The division of the gold lasted the whole day. Each man received eighty-six coins, of varying sizes; the same amount was held back for each man who had been killed, to be given to his heirs, and Spof got a helmsman’s quadruple share. Sharing out the ornaments fairly proved a more difficult task, and sometimes they had no alternative but to chop rings and bracelets into pieces, to make sure that nobody received less than the next man; though often the men bargained with one another, giving coins in order that they might have the whole of some trinket that had particularly taken their fancy. One or two arguments began, but Orm said that they would have to wait till they reached land before fighting them out. Several of the men had never seen gold coins before; and when Spof told them how much silver went to a piece of gold, they sat gazing foolishly at the deck, with their heads in their hands, unable to calculate how rich they were, though they racked their brains to do so.
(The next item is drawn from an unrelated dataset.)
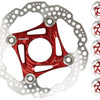 Hope schwimmender MTB-Centerlock-Scheibenrotor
When everything had at last been shared out and the chest was empty, many of the men set to work with needle and twine to enlarge the pockets of their belts. Others rubbed and polished their gold, to make it brighter; and there was great cheerfulness among them as they talked of their luck and the fine homecoming they would have, and the deep drinking that would then take place.

They reached the river mouth and rowed upstream until they came to the land of a farmer whom Orm knew. There they dragged the ship on to the bank, amid the crunch of fresh night-ice, shedded her, and went about hiring horses. Some of the men departed for their homes, but the majority remained.

Spof was uncertain what to do. It might be best for him, he told Orm, to stay with this farmer, who was said to be a good man, until the spring, when he would be able to find a ship to take him home to Gotland.

“But it will be a sleepless winter for me,” he added, shaking his head gloomily. “For what farmer is so good that he will not instantly kill me in my sleep as soon as he discovers what I have in my belt? Besides which, all men have a tendency to kill Gothlanders without asking them questions, because of the wealth they think we all possess.”

“You shall come with me,” said Orm, “and be my guest for the winter. It is no more than you have deserved. Then you can return to this place when spring comes and find a ship home.”

Spof thanked him for this offer and said that he would gladly accept it.

They rode their horses away; and it was difficult to guess whether Orm or Olof Summerbird was the more anxious to see Gröning again.

They came to a place where the road forked, and one of the paths led to Sone’s house. But the seven brothers stood sourly scratching their heads. Orm asked them what might be troubling them.

“We are lucky now,” they replied, “more so than other men. For we are rich and know that we cannot die before we reach home. But as soon as we see the old man again, the spell is broken, and we can die as easily as anyone else. Before we left home, we had no fear of death; but things are different now, when we have so much gold to live for.”

“Then you shall come with me,” said Orm, “and join with me in my homecoming feast. You are good men, and it may be that I can find sleeping-room for you all until the spring. Then you can ride forth on a new adventure if you feel so inclined, and thus live as long as you want to.”

Sone’s sons accepted this offer gladly and promised each other that it would be a long while before they revisited their father. Their best plan, they thought, would be to make another voyage to Gardarike.

“If that is your intention, come as my men,” said Blackhair. “It will not be long before Ulf and I return there.”

“You are young to use the words of a chieftain,” said Orm. “You must wait awhile yet.”